On Monday, October 12, the cabinet meeting approved guidelines in the growing of cannabis in Rwanda.
Cannabis is a multi-billion dollar industry and it’s believed to be the world’s most valuable cash crop from the absolute value perspective.
One study, which analyzed data from the UN Food and Agriculture Organisation as well as UN World Drug reports, estimated cannabis to be valued at $47.7 million per square kilometer. Rwanda could be a new entrant into an industry that is already lucrative.
“The cabinet approved regulatory guidelines on cultivating, processing and export of therapeutic crops,” minutes from the cabinet meeting held on Monday reads in part.
According to the Minister of Health Dr. Daniel Ngamije, the country will now allow the growing of cannabis, but it will be mainly for export.
“This will not give room for those who abuse it. The law that punishes drug abuse is in place and it will continue to be applied as usual,” he said.
Rwanda Development Board reinforced this by saying in a statement that they have already approved guidelines providing framework for investing in the production and processing of medical cannabis for export; RDB will introduce a special export levy to incentive cannabis value addition.
"Medical cannabis produced in Rwanda will be solely for export markets," reads the RDB statement.
Rwanda hopes to reap big from the economic opportunities of growing Cannabis for medical purposes, it says.
The government also sees the cannabis industry as a strategic sector that will generate jobs and create business for communities through cultivation, production and processing zones.
Rwanda Development Board highlighted that guidelines approved provide for “strict security measures designed to prevent illicit diversion or use of the product,” among other requirements.
According to the World Health Organization, cannabis is by far the most widely cultivated, trafficked and abused illicit drug. About 147 million people, 2.5 per cent of the world population, consume cannabis compared with 0.2 per cent consuming cocaine and 0.2 per cent consuming opiates.
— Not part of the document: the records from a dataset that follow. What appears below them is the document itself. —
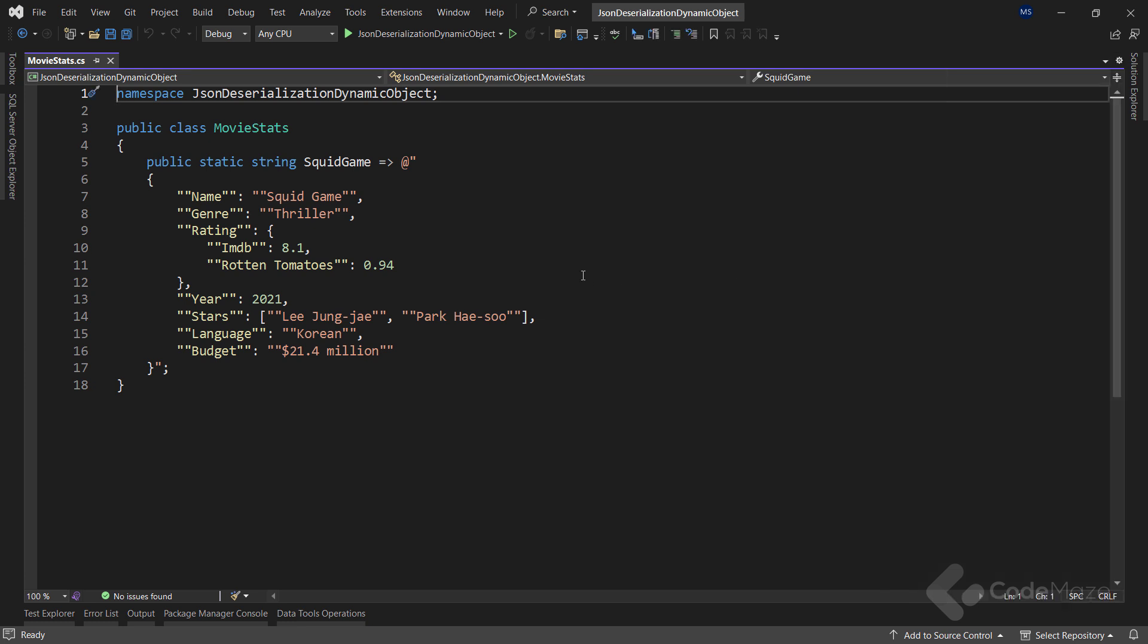Also, the MovieStats file that we will use to extract the genre and the rating information from MovieStats data. Coming as a JSON string from the stats of Squid Game movie, we only want to cherry pick genre and the rating of IMDB or Rotten Tomatoes.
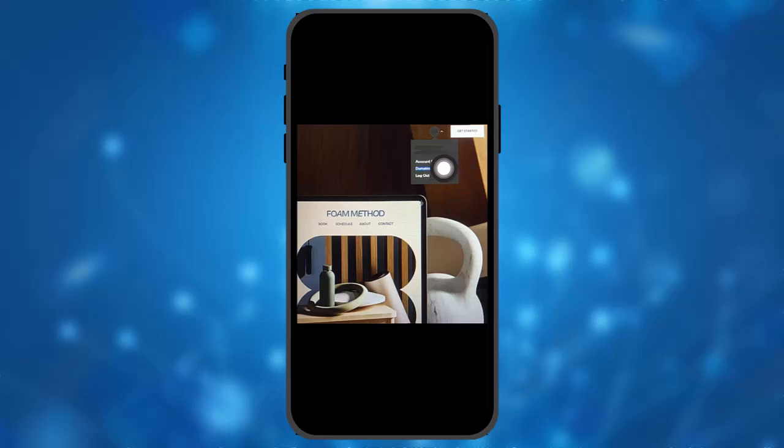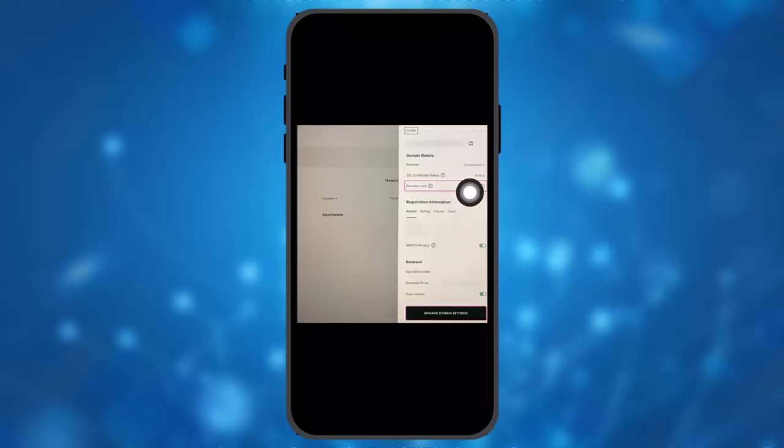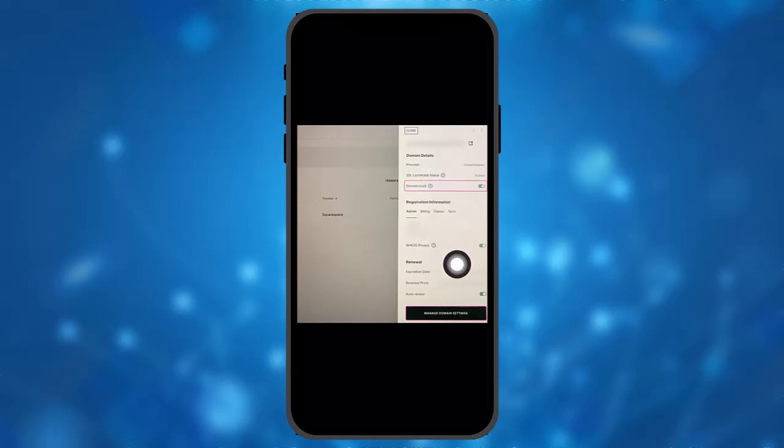Once you're inside your Domains, all your domains will be listed there. All you need to do is select the domain you want to transfer. Once you click on it, a menu will appear on the right-hand side of the screen. In the domain details, you'll see the domain lock option. Remember to toggle this off to unlock the domain.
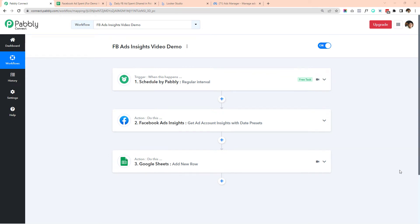Earlier we created a video showing a workflow which pulls data from Facebook and adds the data into Google Sheet. Now if you remember, our workflow worked something like this.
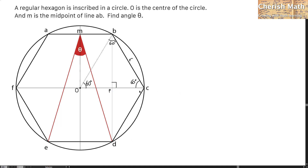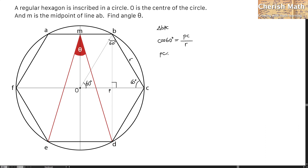Next step, I will try to find the distance from P to C in terms of R. We need to find the length of PC using cos 60 degrees. That is PC divided by the hypotenuse, which I label as R. So PC equals R multiplied by cos 60 degrees, and since cos 60 equals one half, PC equals one half R.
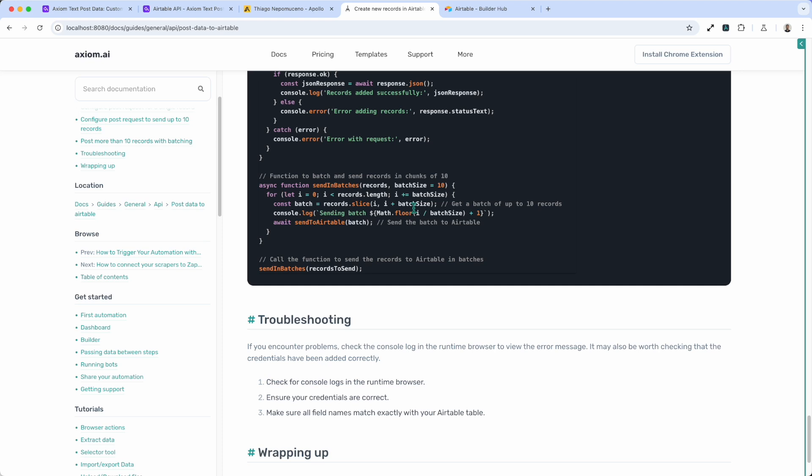You'll find these examples on our website along with other API examples. If you go to Docs at the top, look for Guides API. Thank you.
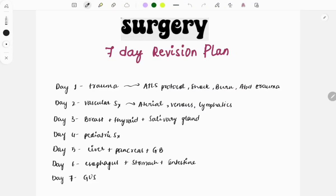Hello everyone, welcome to Grow Med. This channel is a one-stop guide for FMGE aspirants. You can find everything you need for FMGE on this channel, so subscribe to Grow Med and tap the bell icon to get regular study tips. In this video, we will look at a 7-day revision plan for surgery.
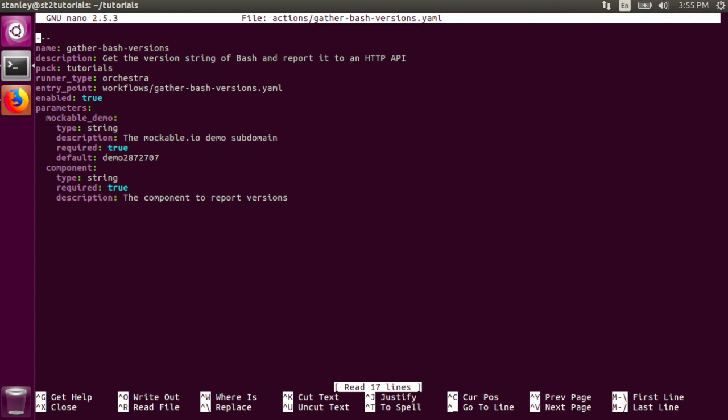The first workflow is run by the Orkesta workflow engine. The entry point is simply another YAML file in the Workflows directory, under the Actions directory. It takes two parameters, the mockable demo parameter, which has a default value, and a component parameter.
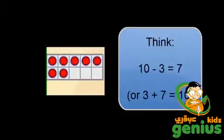Another way I can see that is I notice that there are 3 chips missing. And I know that if 3 chips are missing, there must be 7 chips on the 10 frame because 7 plus 3 makes 10.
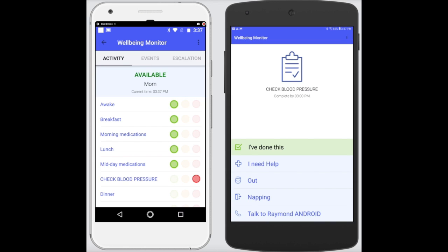So let's start with a due event. In this example, check blood pressure. The green box appears, notifying that the event needs to be satisfied. All the user has to do is simply tap the green box, and that's that until the next event.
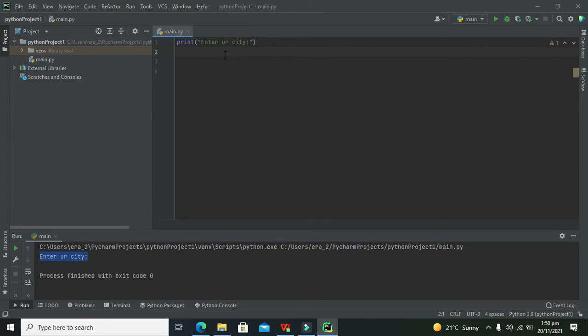Now the user will write any city. Yes, he or she can write.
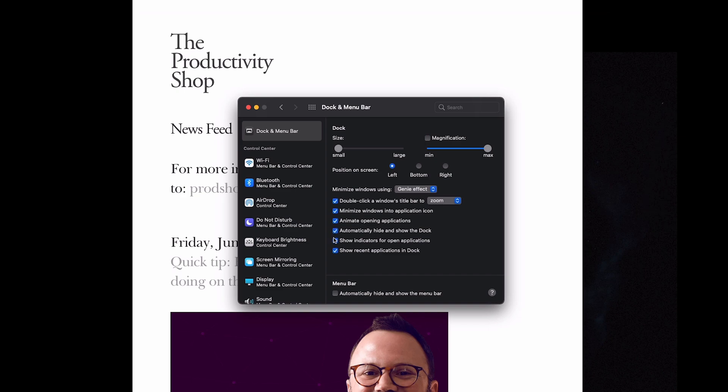I also like to automatically hide and show the dock. If you have applications that have badges or notifications in them, the little red circle, you can choose when to look at them rather than them choosing to look at you. It keeps you focused when you're trying to do a task and it's just a little bit cleaner.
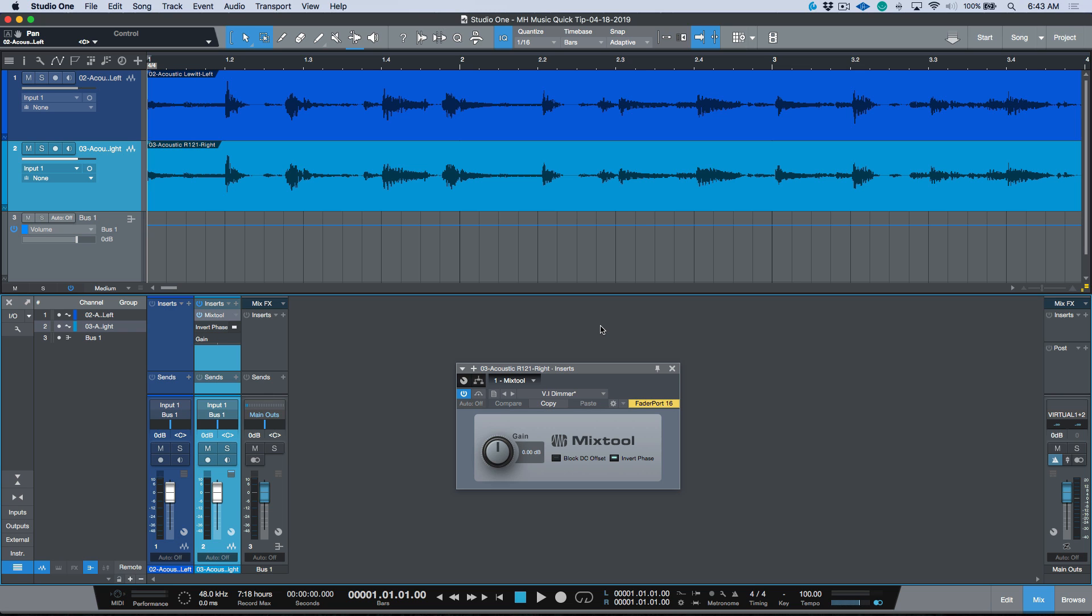All right, so moving right along. Today I wanted to take a moment to talk about optimizing the phase between multi-mic sources in Studio One. I know we've got a lot of different third-party plugins available where you can purchase plugins that optimize phase and do this in an automatic way, but it's worth noting that with a little bit of editing and once you get used to how to do it...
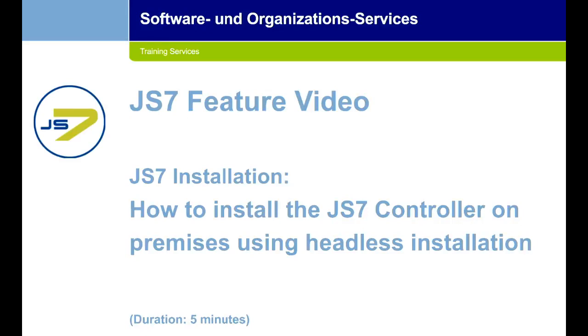Hello all, welcome to our channel SOS Berlin. Here we explain the handling of our JS7 product. Today's topic is how to install the JS7 controller on-premises using headless installation. Let's get started.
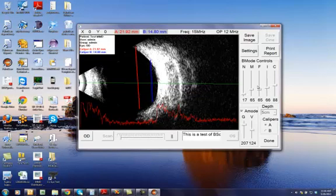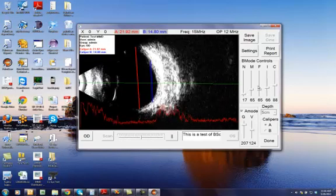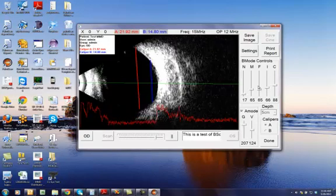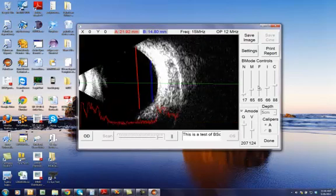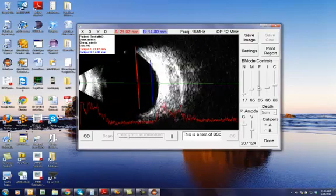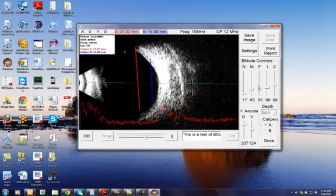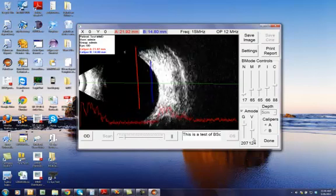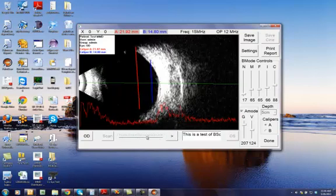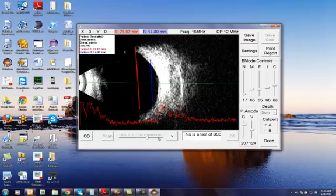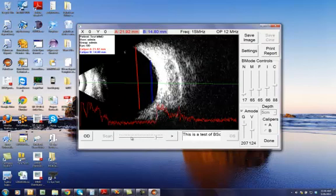And as you can see, the device or the software automatically plays back the captured image. Again, you can pause it at any time, move the slider over to any of the frames.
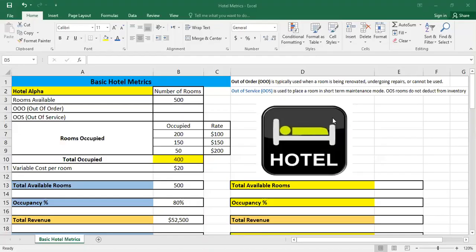Hello again. In this video we will continue with the basic hotel metrics. However, what we will include in this case are out-of-order and out-of-service rooms. Before we start, it's interesting to know what's an out-of-order room.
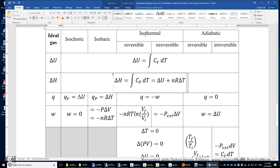How about isothermal? In the isothermal process, the internal energy change of the ideal gas is exactly zero, because the potential energy of an ideal gas is always zero. Therefore, the internal energy equals its kinetic energy, and kinetic energy is proportional to temperature. If there's no temperature change, there's no change in kinetic energy, and therefore no change in internal energy.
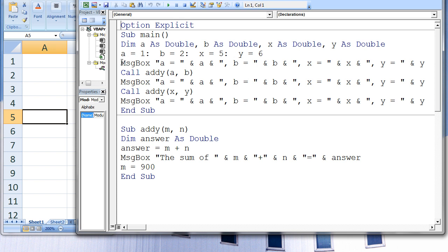A message box appears that states a equals the value of a, b equals the value of b, x equals the value of x, y equals the value of y. At this location in the program, a has the value 1, b has the value 2, x has the value 5, and y has the value 6.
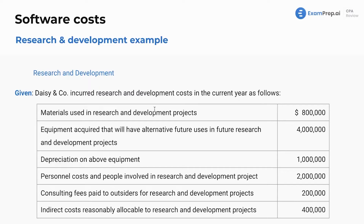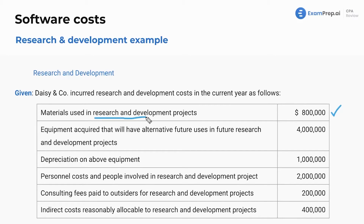We are looking for what's expensed, and obviously everything else is capitalized. What about materials used in R&D projects? Is that going to be expensed? Yes, we're going to include that as an expense because it's R&D. Nothing's mentioned about technological feasibility. These are not capital assets — it's just materials, so expense.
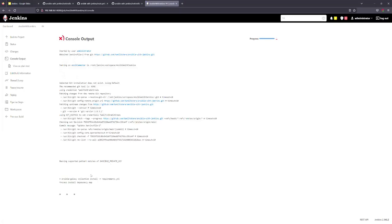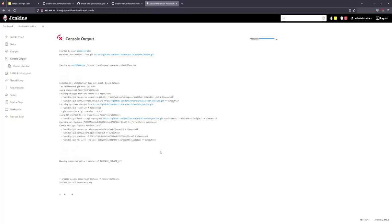Now we will try to install Ansible Galaxy. The error shows it is already installed, so execution will automatically continue. Ansible is already installed and it will continue to the next step.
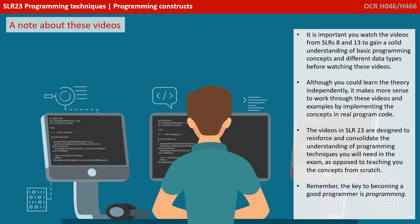Remember, the way to become a good programmer is by programming, little and often. You don't become a good programmer simply by watching videos and studying theory.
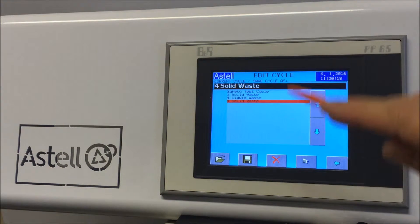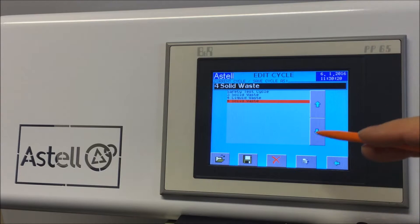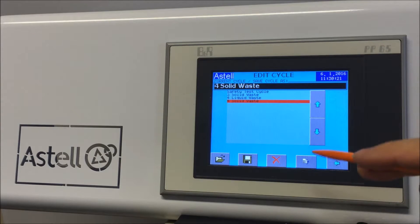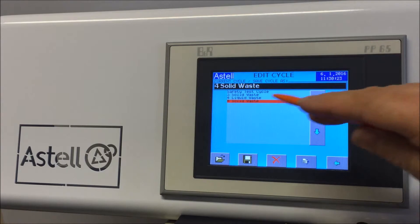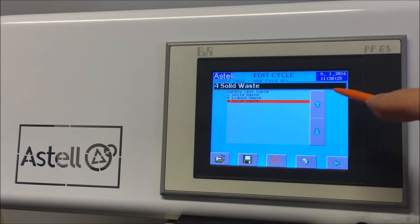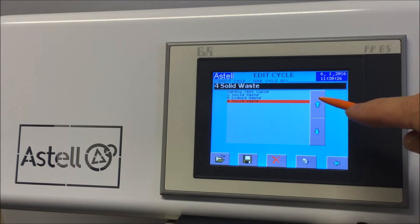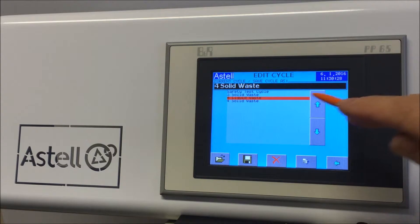Using the up and down arrows, select the cycle you wish to edit. Here we are selecting number 4, the liquid waste cycle. Open the cycle using the folder icon at the bottom left of the screen.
Although it is widely abused, it has several medical applications and evidence shows that it can be used to make several drugs such as Sativex, which comes as a nasal or oral spray, and has been approved in many countries for treating spasticity.
Cannabis is also used to make Dronabinol, another drug used to treat nausea and vomiting caused by chemotherapy in people who have already taken other medications to treat this type of nausea and vomiting without good results.
Dronabinol is also used to treat loss of appetite and weight loss in people who have acquired immunodeficiency syndrome (AIDS), according to existing scientific literature.
According to a study conducted by Grand View Research, the medical segment held the leading revenue share of 71.0 per cent in 2019, owing to the growing adoption of cannabis as a pharmaceutical product for treating severe medical conditions, such as cancer, arthritis, and Parkinson’s disease and Alzheimer.
Moreover, increasing need for pain management therapies along with the growing disease burden of chronic pain among elders is expected to boost the product demand.
More than 10,000 tons of cannabis are produced on the continent each year, according to a UN survey, which advocates believe could be worth billions of dollars in a rapidly expanding global market for legal weed.
This year, Malawi became the latest African country to legalise the growing, selling and exporting of cannabis.
In Zambia, Lesotho, South Africa, Zimbabwe, Morocco, Swaziland, and Ghana, cannabis use is allowed for use in one way or another.
The global legal marijuana market size is expected to reach $73.6 billion by 2027, according to Grand View Research. It is anticipated to expand at a compound annual growth rate of 18.1 per cent during the forecast period.